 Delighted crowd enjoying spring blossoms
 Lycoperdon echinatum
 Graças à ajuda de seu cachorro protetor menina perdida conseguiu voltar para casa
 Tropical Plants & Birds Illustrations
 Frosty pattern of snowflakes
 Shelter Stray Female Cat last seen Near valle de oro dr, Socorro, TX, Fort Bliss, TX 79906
==
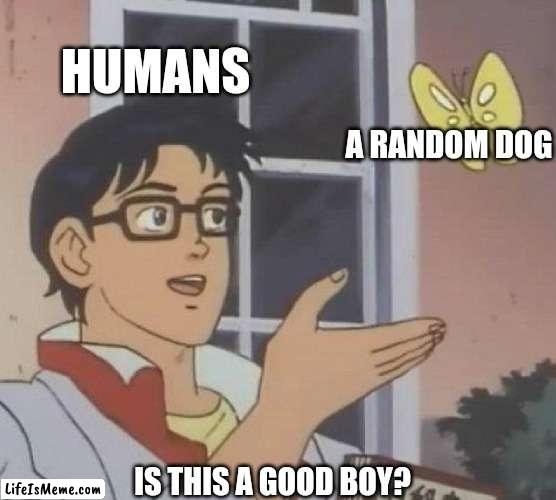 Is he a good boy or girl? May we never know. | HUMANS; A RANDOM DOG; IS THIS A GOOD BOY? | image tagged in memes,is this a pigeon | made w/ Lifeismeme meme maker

**Problem statement**
Take from the material above the lines running from the one with "Tropical Plants & Birds Illustrations" through the one with "Shelter Stray Female", and repeat them exactly, with nothing else.

**Exercise answer**
 Tropical Plants & Birds Illustrations
 Frosty pattern of snowflakes
 Shelter Stray Female Cat last seen Near valle de oro dr, Socorro, TX, Fort Bliss, TX 79906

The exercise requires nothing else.